No se entiende que la salud de un mandatario es un asunto de Estado, con López Obrador o con cualquier otro. La sociedad tiene derecho a saber qué salud guarda el hombre o la mujer que tiene en sus manos el control de un gobierno. La enorme mayoría de las dolencias por supuesto que no incapacitan a un mandatario para seguir con esa responsabilidad, pero se debe saber qué le sucede, porque la salud, tanto la capacidad física como la intelectual, es un condicionante tan importante como los conflictos de interés que puede tener un mandatario. Simplemente tenemos que saber si el Presidente ha estado o no consciente, con o sin covid, si está o no en condiciones de tomar decisiones, en caso de que esté incapacitado, aunque sea por unas horas, para ser tratado; por ejemplo, si está intubado, quién es el responsable mientras tanto, y si esa persona está a cargo o no. Son datos básicos que se deben tener en una democracia contemporánea cuando un mandatario está enfermo.
Decir que el Presidente tiene covid en realidad no dice nada. Sabemos que el presidente López Obrador sufre de problemas cardiacos, además de otras dolencias en la espalda.
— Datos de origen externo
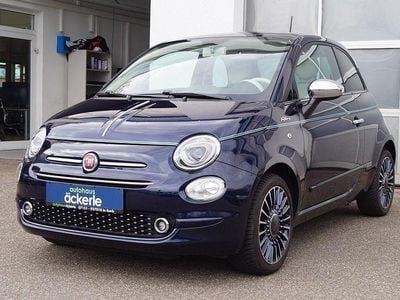Usado Fiat 500 Riva 69 HP (50 kW) 2017 Azul Citadino
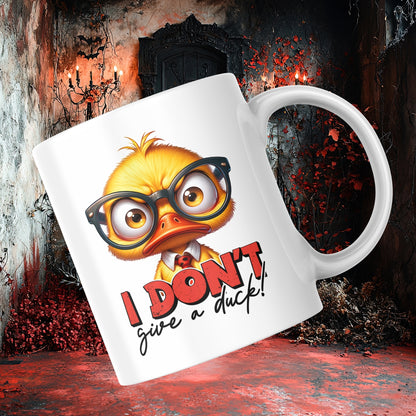 I Don't Give A Duck - Ceramic Mug
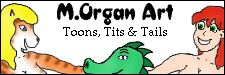 M.Organ Art Banner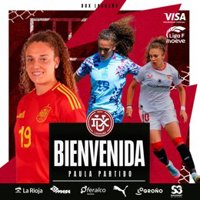 Llega al DUX Logroño Paula Partido, canterana del Real Madrid para reforzar al conjunto riojano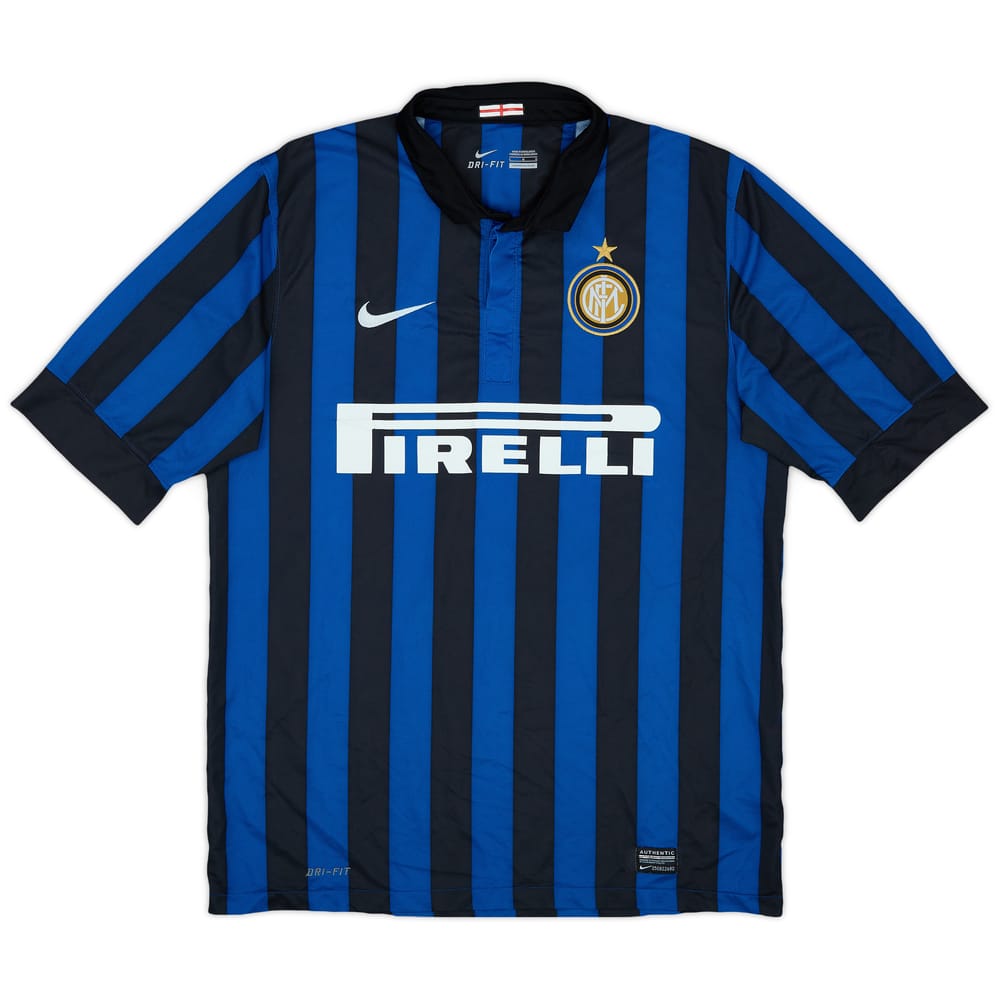 2011-12 Inter Milan Home Shirt - 9/10 - (L)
Y ésta es la tercera vez que da positivo a covid-19, algo delicado cuando se tiene alguna enfermedad del corazón, y hace poco más de un año tuvo una intervención cardiaca de la que se informó también poco y en forma tardía: se ocultó hasta que ya había ocurrido que el Presidente se haría un estudio clínico, que en realidad resultó en la implantación de uno o varios stents en el corazón.
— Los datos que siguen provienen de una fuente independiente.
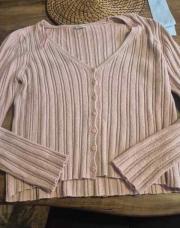 Gilet rose pimkie taille m 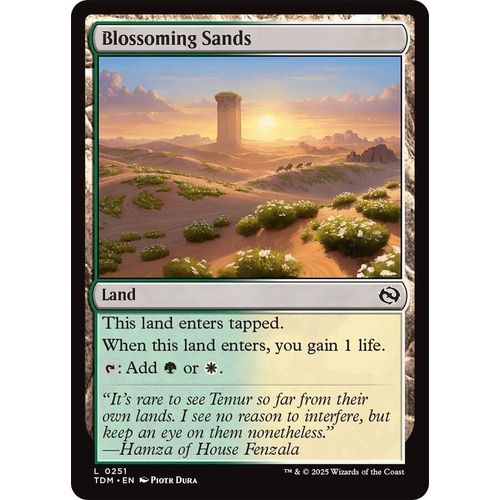 Blossoming Sands (251) (Tarkir: Dragonstorm) - PokéBox Australia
No es el único caso de ocultamiento de enfermedades incluso muy graves. Si hay un capítulo que oscureció la gestión de François Mitterrand fue que durante años ocultó, mientras era presidente, que sufría de un cáncer, que finalmente lo llevó a la tumba (también ocultó que tenía una segunda pareja con la que tenía, además, una hija, pero ése es otro tema). Ronald Reagan informó con precisión de sus intervenciones quirúrgicas, pero nunca se informó que el mandatario, durante por lo menos sus dos últimos años de gobierno, ya sufría de Alzheimer y muchas decisiones ya no pasaban por sus manos. Y no hablemos de dictadores como Fidel Castro o Hugo Chávez, cuya salud era tan protegida como un secreto de Estado, que llegaron incluso a adecuar, según informes confiables, la fecha de su muerte a las necesidades de la coyuntura. El presidente López Mateos sufría unas cefaleas que lo dejaban incapacitado por horas, en realidad sufría aneurismas cerebrales que terminaron poco después con su vida, pero durante su mandato jamás se informó de ello.
Cuando estaba a punto de iniciar el proceso de destitución de Richard Nixon, el presidente estaba deprimido, bebía y estaba buena parte del tiempo alcoholizado, y el jefe del Estado Mayor de la Defensa, el secretario de Estado y el de la Defensa, decidieron que no acatarían ninguna orden militar de alto riesgo, si no era aprobada previamente por ellos. Lo mismo sucedió en las últimas semanas de Donald Trump, ante el temor de que un presidente notoriamente desequilibrado por su derrota electoral, podría desencadenar un ataque militar o incluso nuclear para cancelar la transición de poderes.